Extracted data entries
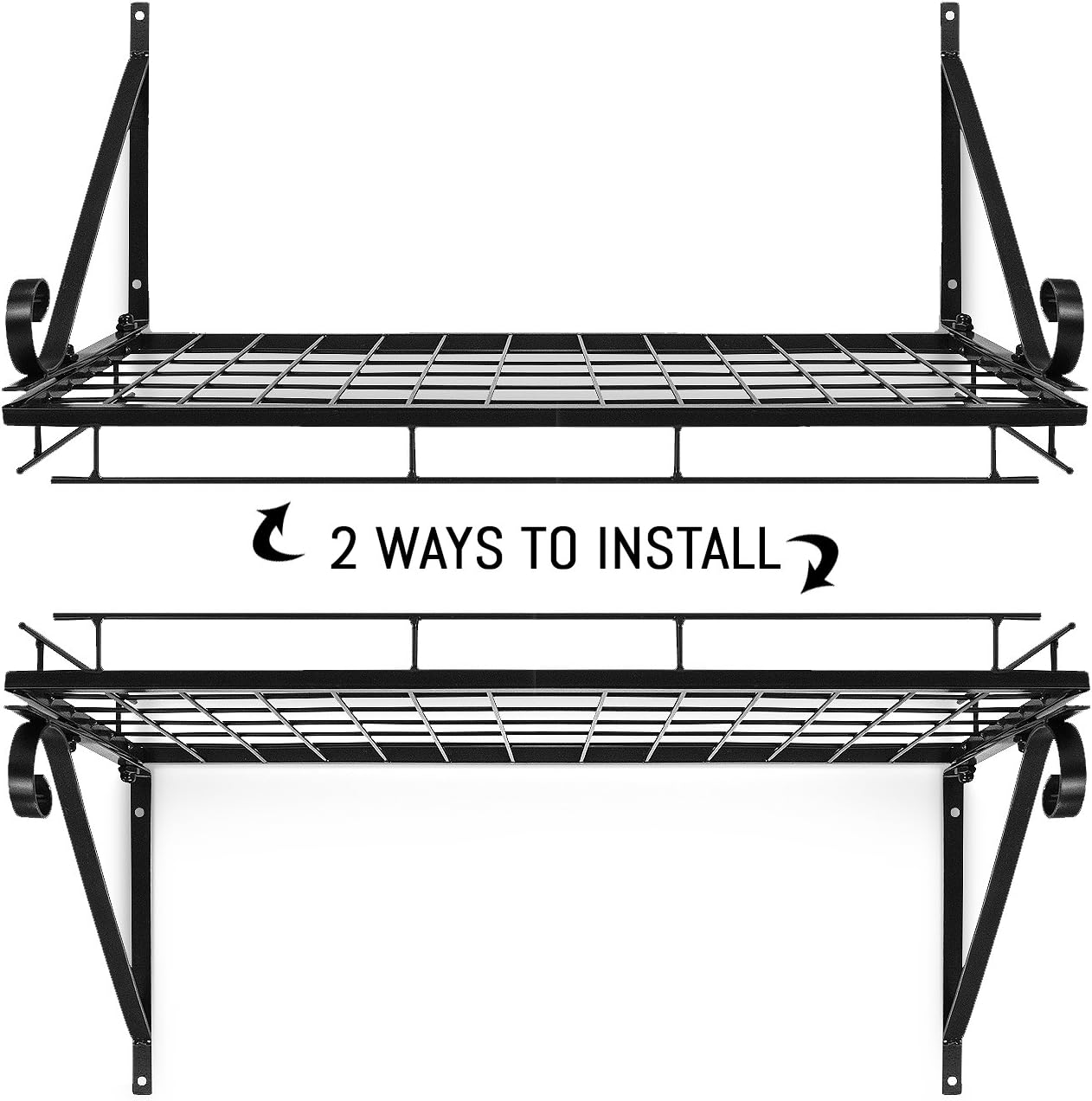 Black Wall Mount Pot Rack with 10 S Hooks
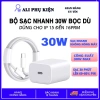 Bộ sạc nhanh PD 30W cho iPhone 15/16, cáp dệt dù Type-C to Type-C, không nóng máy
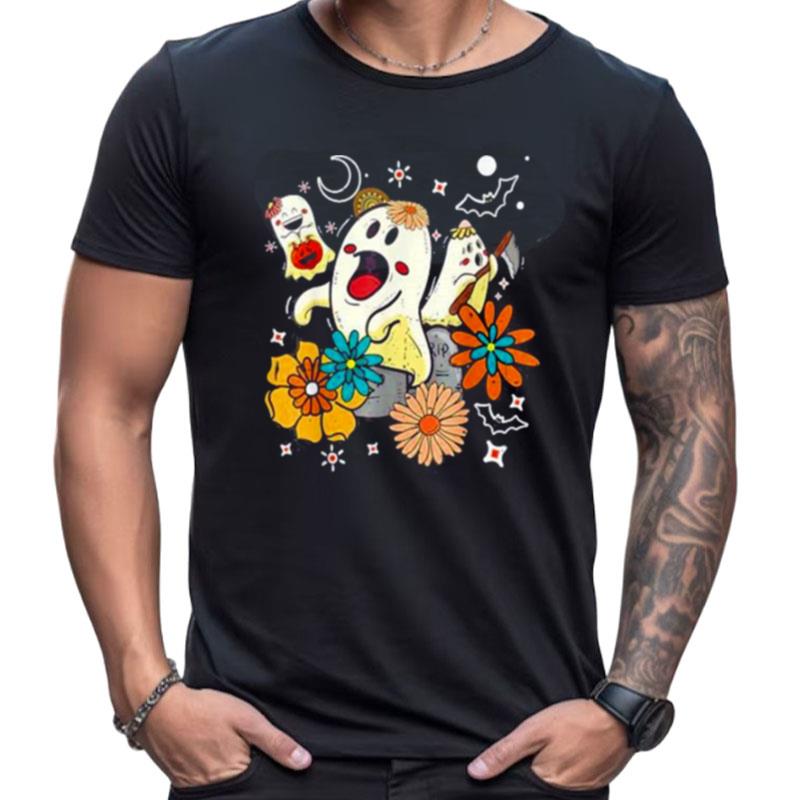 Retro Floral Halloween Ghost Shirts For Women Men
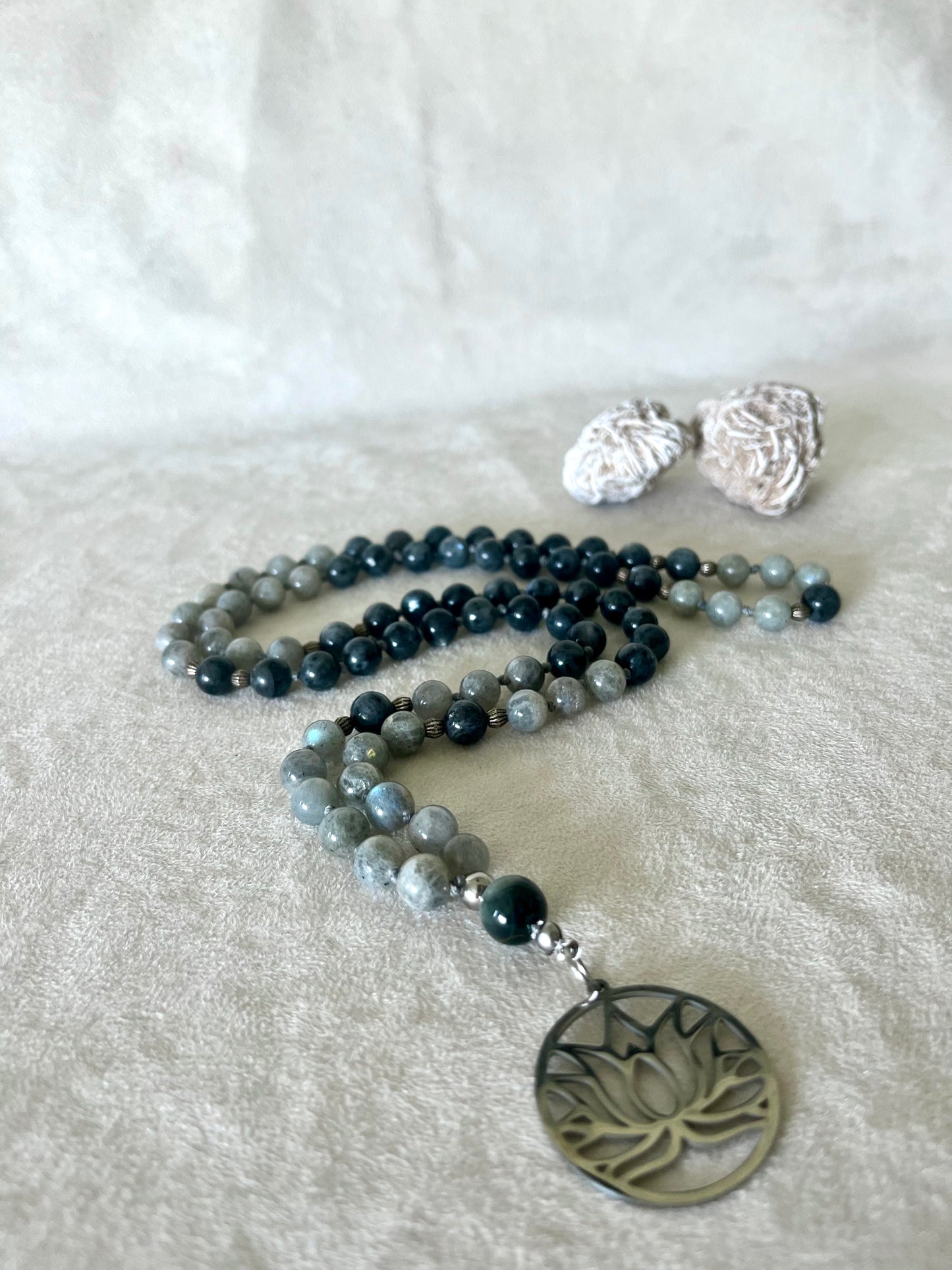 Mala, Short Mala or Mini Mala in Labradorite and Hawk' Eye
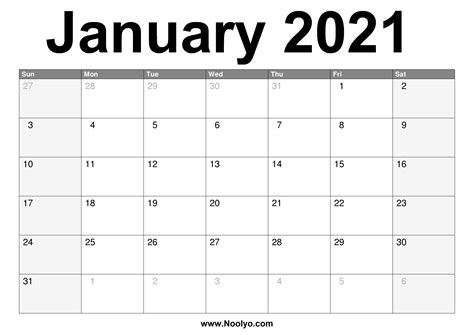 Maybe you would like to learn more about one of these? Printable A4 Monthly Calendar 2021 | Free 2021 Printable ...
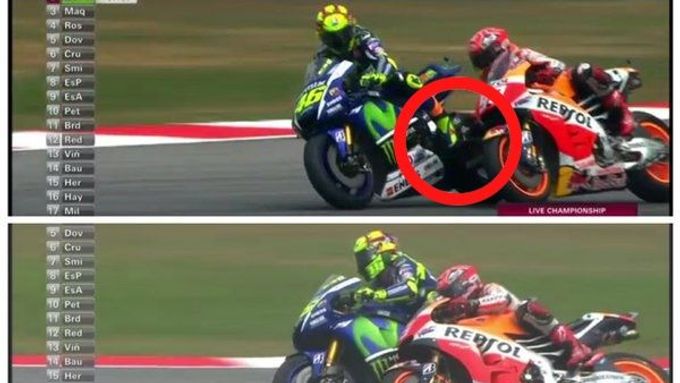 Podívejte se, jak Marc Marquez spadl po kontroverzním kontaktu s Valentinem Rossim během Velké ceny Malajsie třídy MotoGP.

- _Instructions for the task_
The expected output is the full data above, reproduced exactly with no images.

- _Problem solution_
 Black Wall Mount Pot Rack with 10 S Hooks
 Bộ sạc nhanh PD 30W cho iPhone 15/16, cáp dệt dù Type-C to Type-C, không nóng máy
 Retro Floral Halloween Ghost Shirts For Women Men
 Mala, Short Mala or Mini Mala in Labradorite and Hawk' Eye
 Maybe you would like to learn more about one of these? Printable A4 Monthly Calendar 2021 | Free 2021 Printable ...
 Podívejte se, jak Marc Marquez spadl po kontroverzním kontaktu s Valentinem Rossim během Velké ceny Malajsie třídy MotoGP.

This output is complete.